**DATA RECORDS**
===

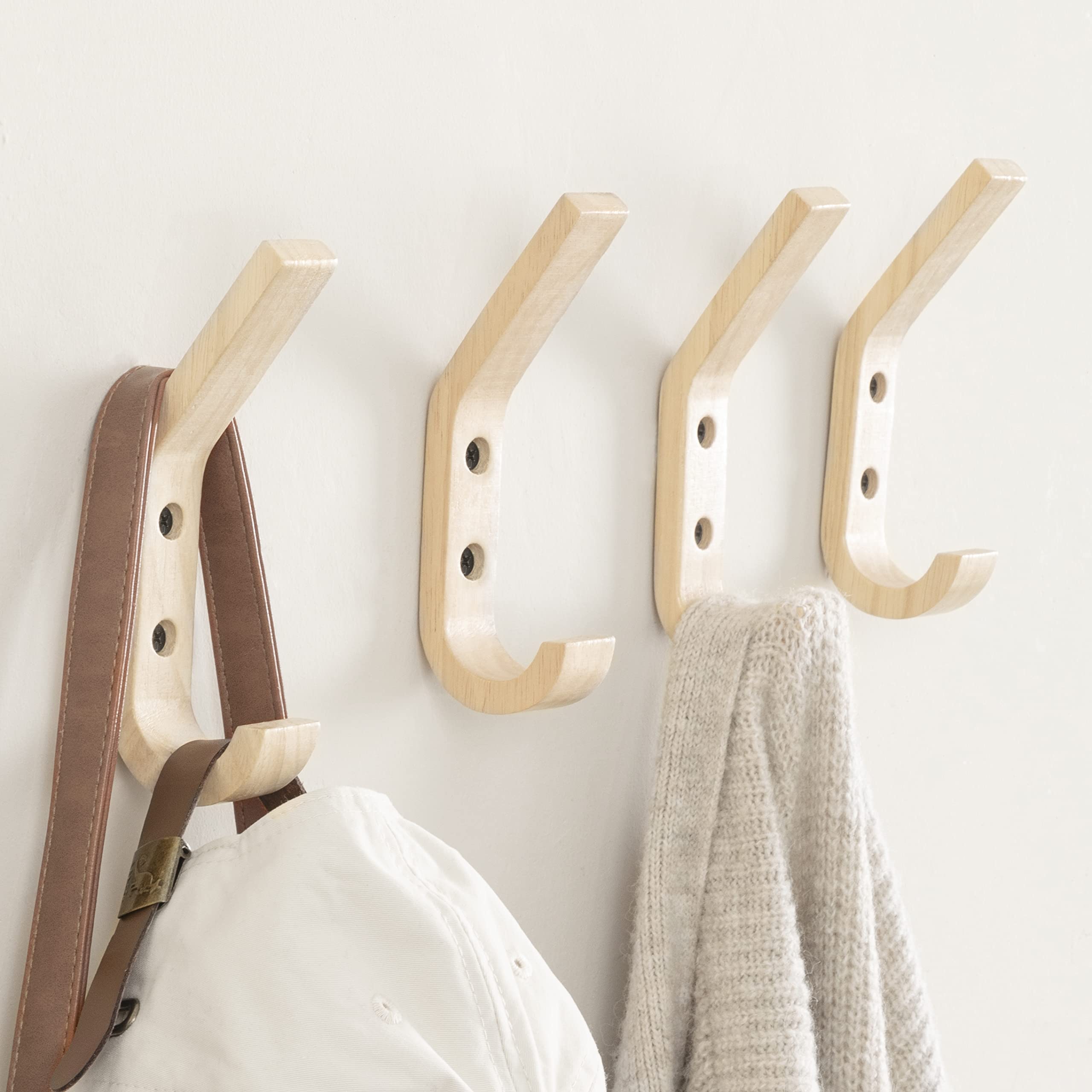 UBTKEY 4 Pack Wooden Coat Hooks Wall Hooks for Hanging, Natural Oak Wood Coat Hooks Wall Mounted Heavy Duty Entryway Hooks for Hanging Coats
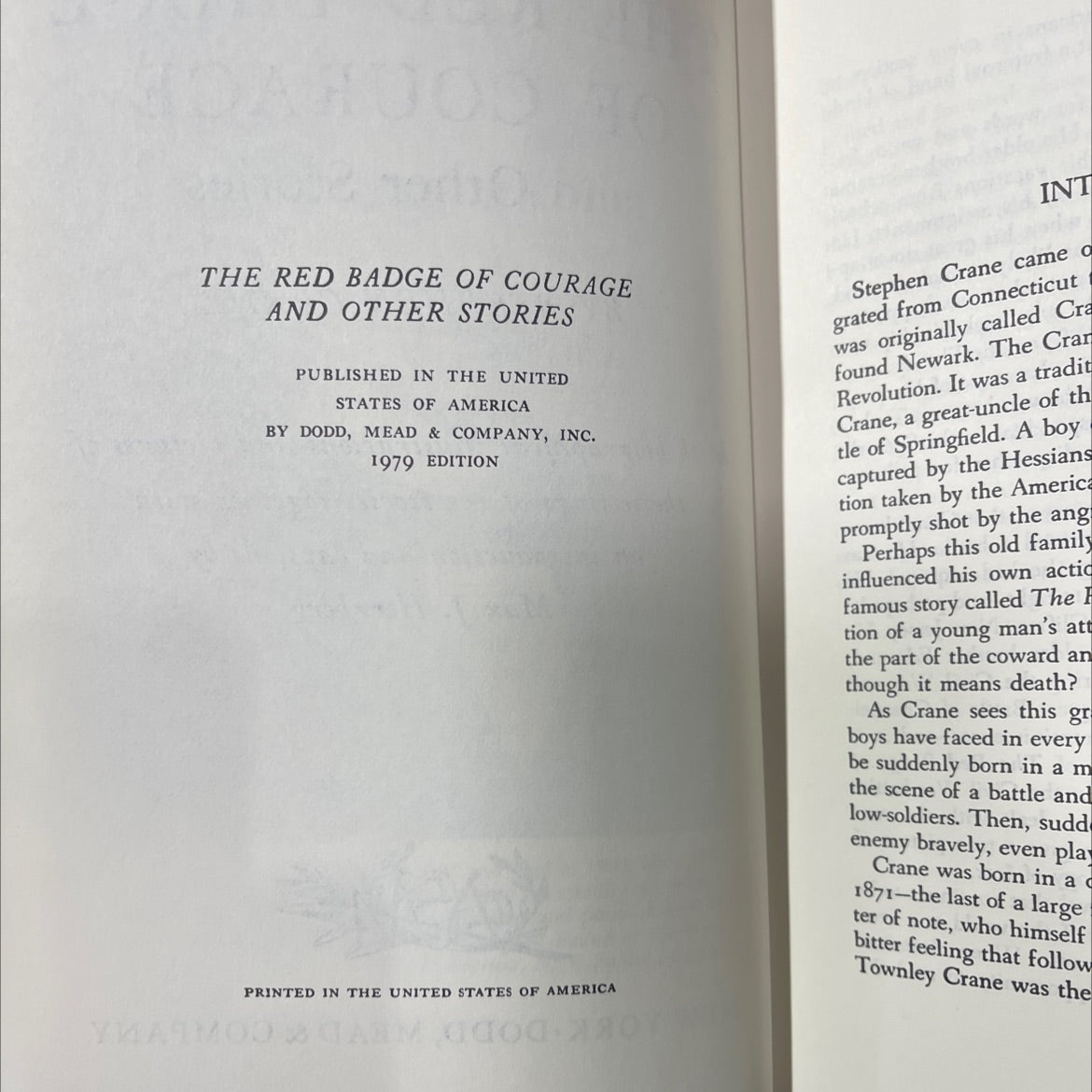 the red badge of courage and other stories book, by stephen crane, 1979 Hardcover image 3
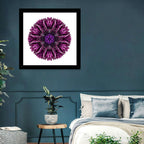 Purple Cornflower Kaleidoscope Mandala Wall Art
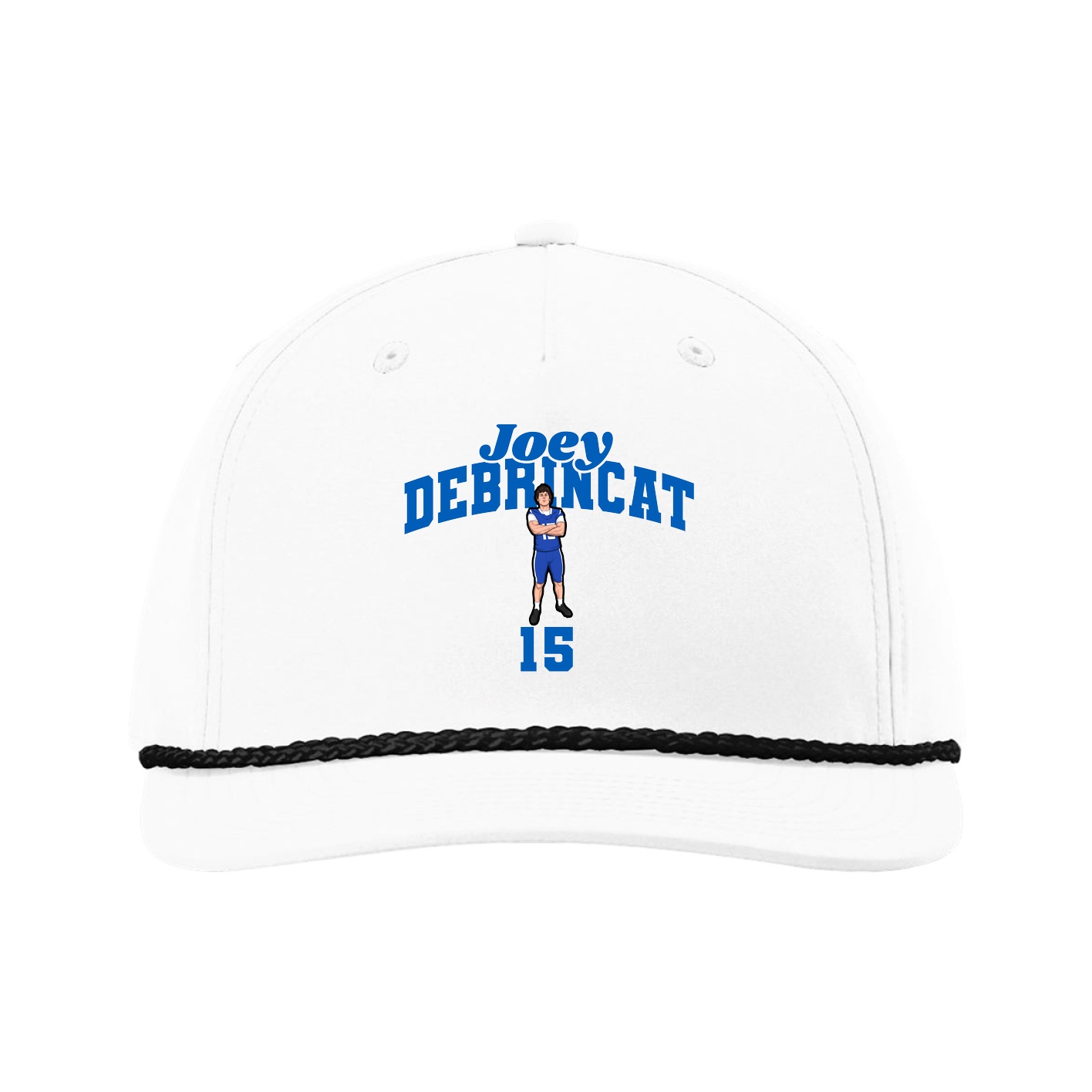 Five-Panel Classic Rope Cap — Signature Arch in White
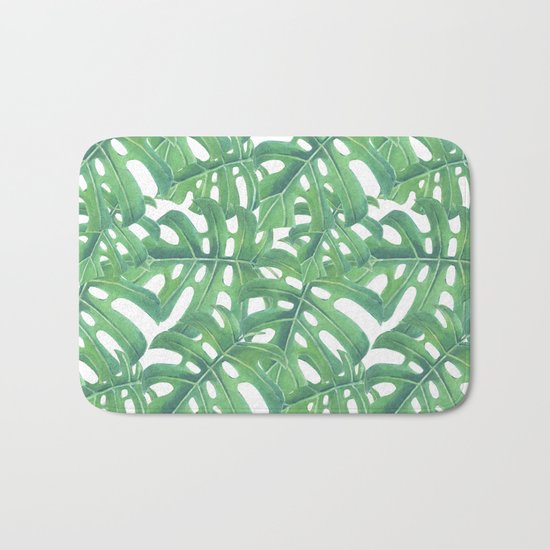 Green monstera tropical leaves pattern on white background Bath Mat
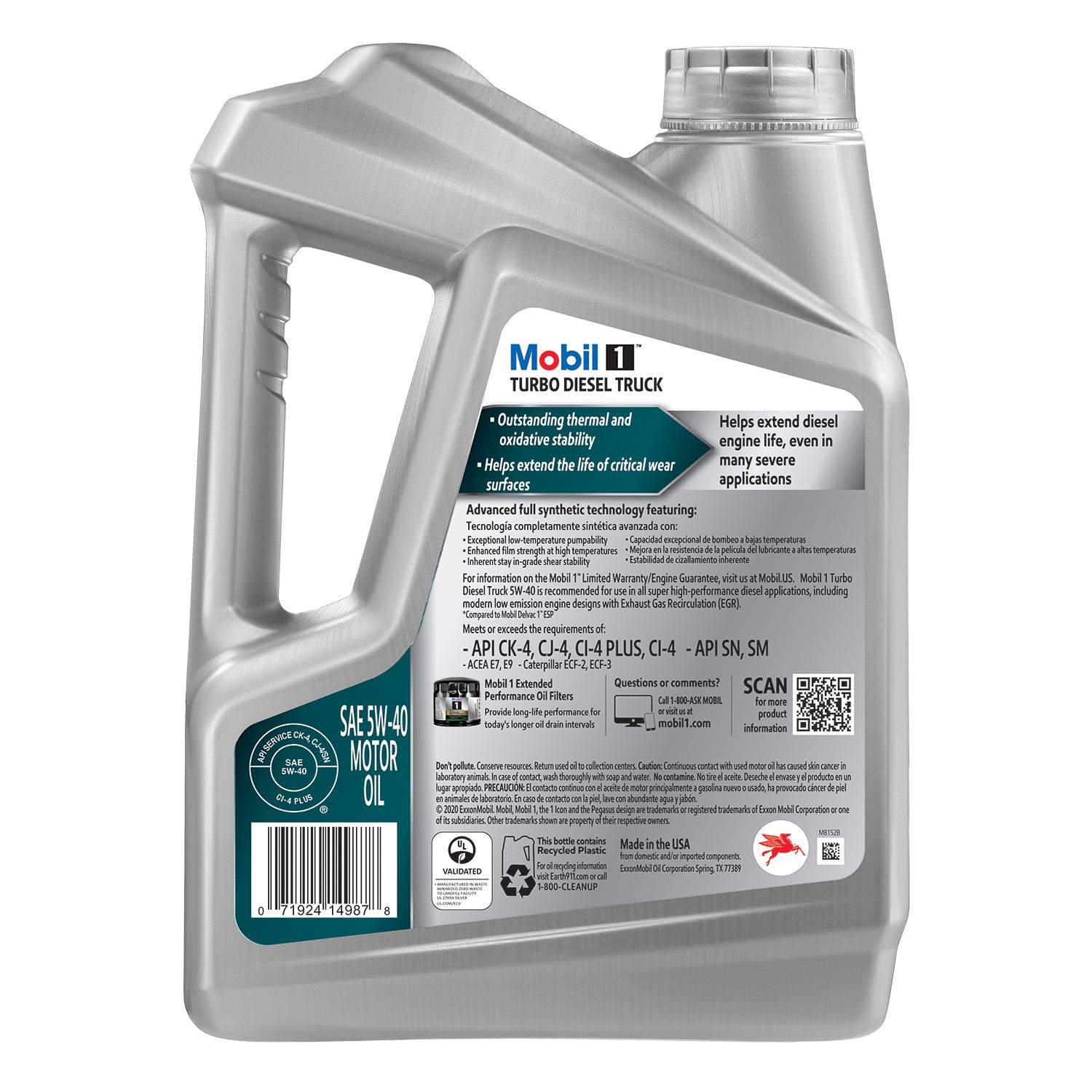 Mobil 1 Turbo Diesel Truck Engine Full Synthetic 5W-40 Motor Oil 1 Gallon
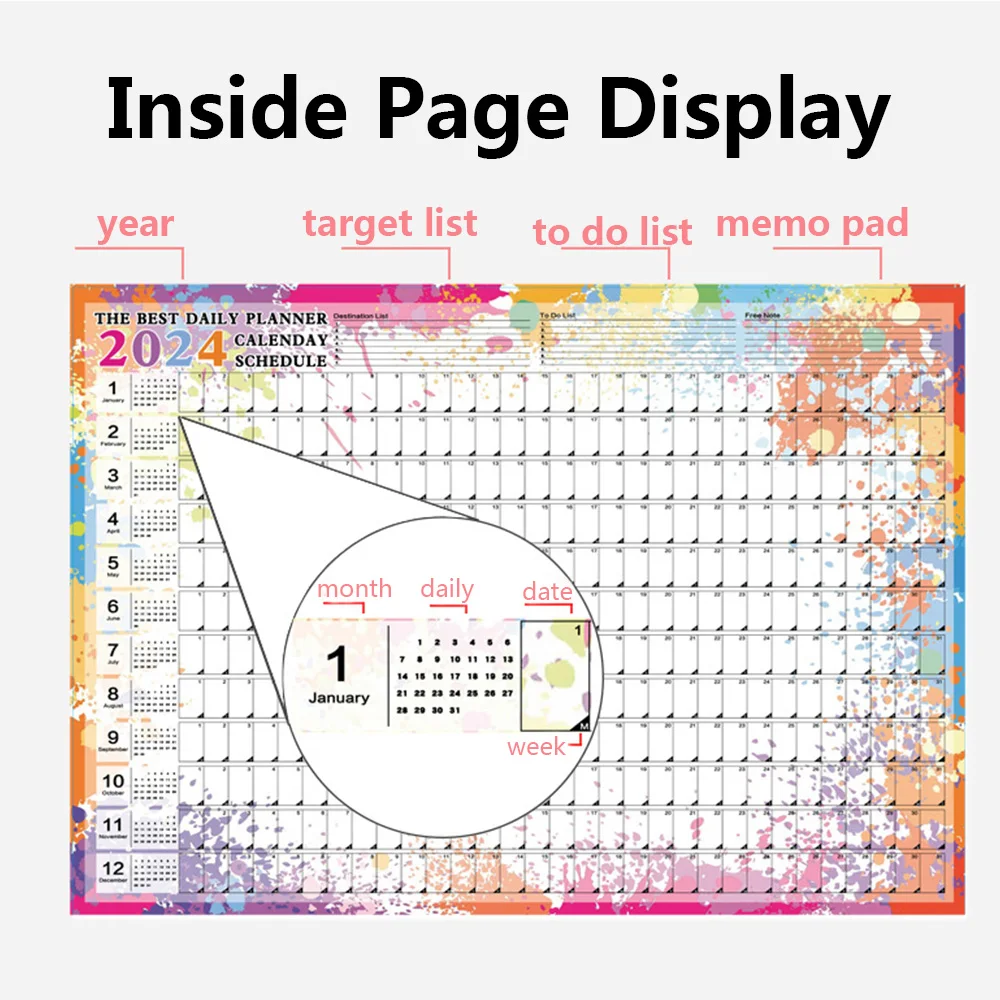 2024 Jaarkalender Dagelijkse Wekelijkse Maandelijkse Planner Kalender To-Do Lijst Briefpapier Thuiskantoor Schoolbenodigdheden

===

**WORK INSTRUCTIONS**
Reprint every record exactly and skip the pictures.

**TASK OUTPUT**
 UBTKEY 4 Pack Wooden Coat Hooks Wall Hooks for Hanging, Natural Oak Wood Coat Hooks Wall Mounted Heavy Duty Entryway Hooks for Hanging Coats
 the red badge of courage and other stories book, by stephen crane, 1979 Hardcover image 3
 Purple Cornflower Kaleidoscope Mandala Wall Art
 Five-Panel Classic Rope Cap — Signature Arch in White
 Green monstera tropical leaves pattern on white background Bath Mat
 Mobil 1 Turbo Diesel Truck Engine Full Synthetic 5W-40 Motor Oil 1 Gallon
 2024 Jaarkalender Dagelijkse Wekelijkse Maandelijkse Planner Kalender To-Do Lijst Briefpapier Thuiskantoor Schoolbenodigdheden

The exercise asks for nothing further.